Repeat the records below verbatim, and do not copy their pictures.

========================================================================

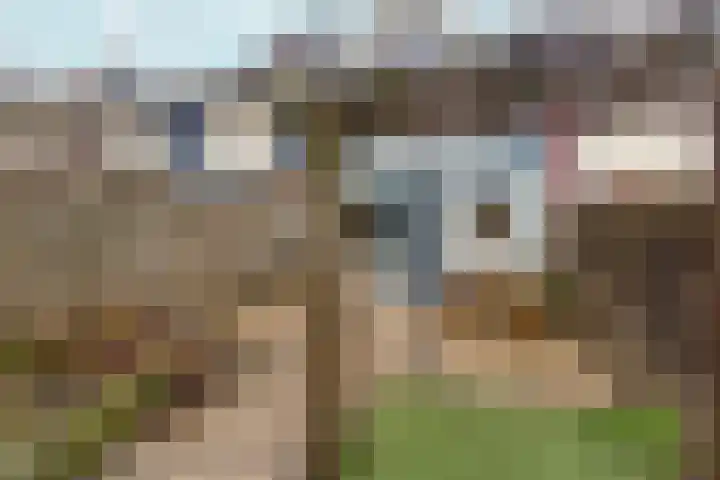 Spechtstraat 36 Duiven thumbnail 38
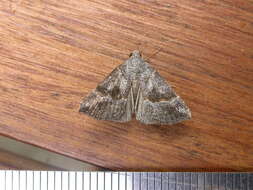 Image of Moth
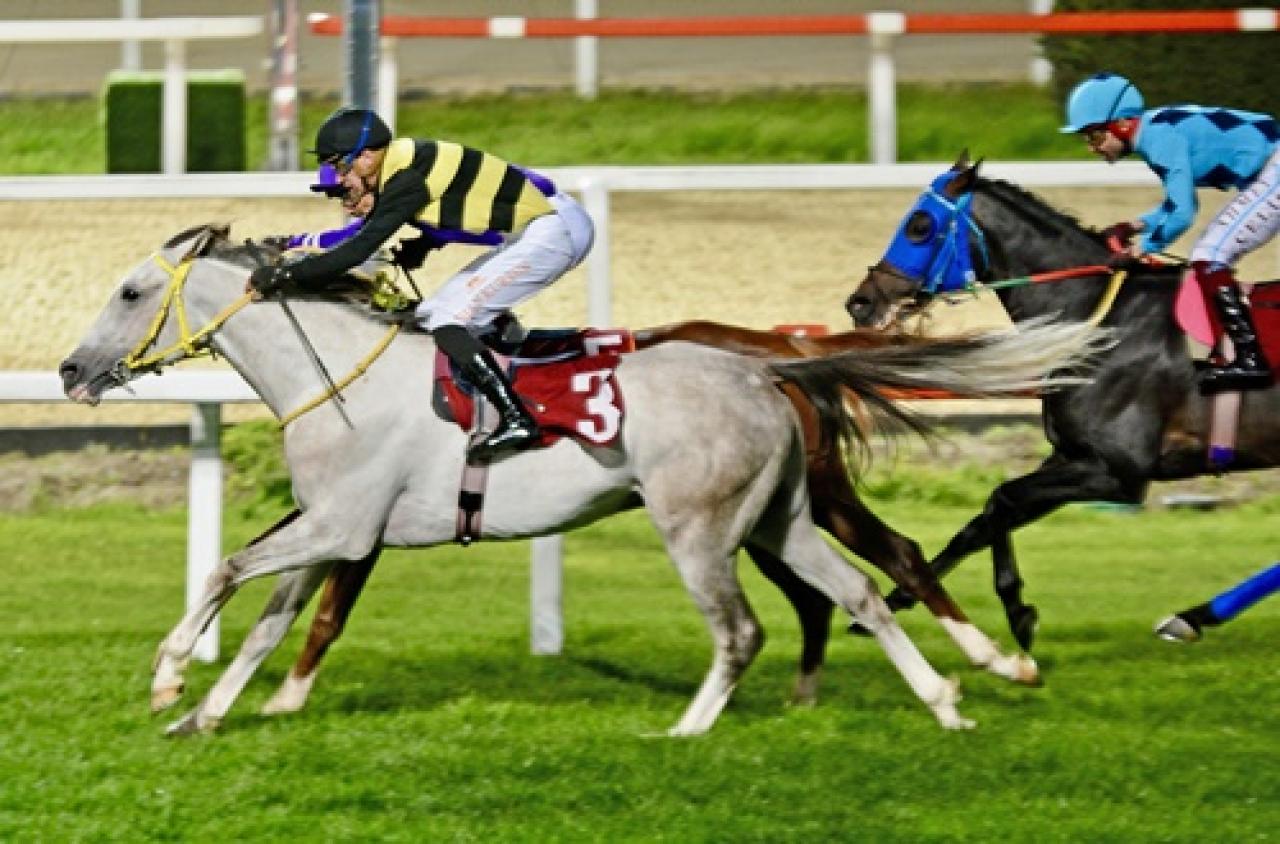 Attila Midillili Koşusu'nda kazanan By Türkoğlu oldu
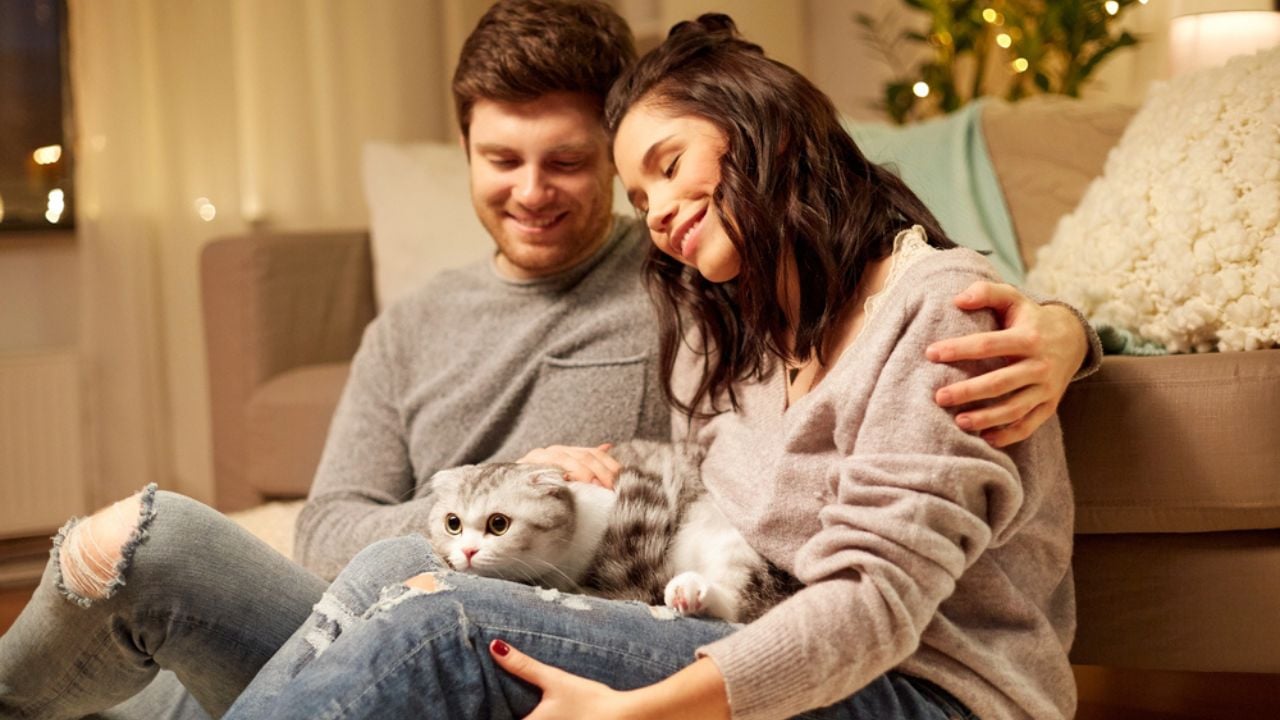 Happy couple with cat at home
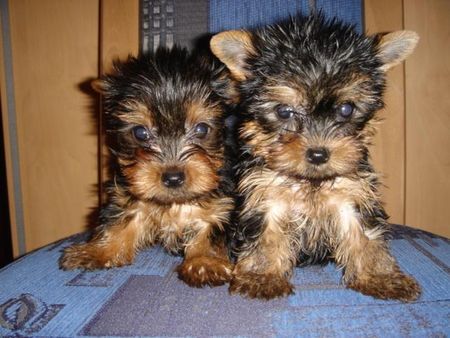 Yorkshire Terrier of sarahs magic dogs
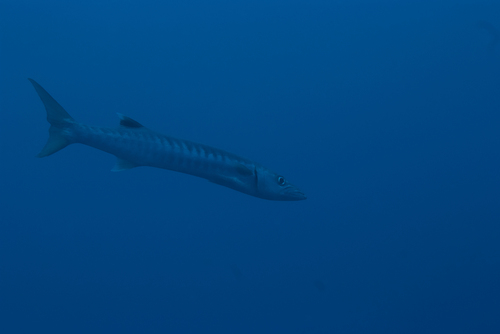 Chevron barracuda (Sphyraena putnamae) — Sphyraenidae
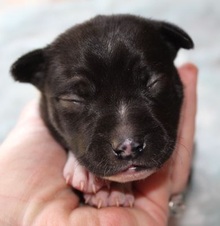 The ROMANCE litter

========================================================================

• _EXERCISE RESPONSE_
 Spechtstraat 36 Duiven thumbnail 38
 Image of Moth
 Attila Midillili Koşusu'nda kazanan By Türkoğlu oldu
 Happy couple with cat at home
 Yorkshire Terrier of sarahs magic dogs
 Chevron barracuda (Sphyraena putnamae) — Sphyraenidae
 The ROMANCE litter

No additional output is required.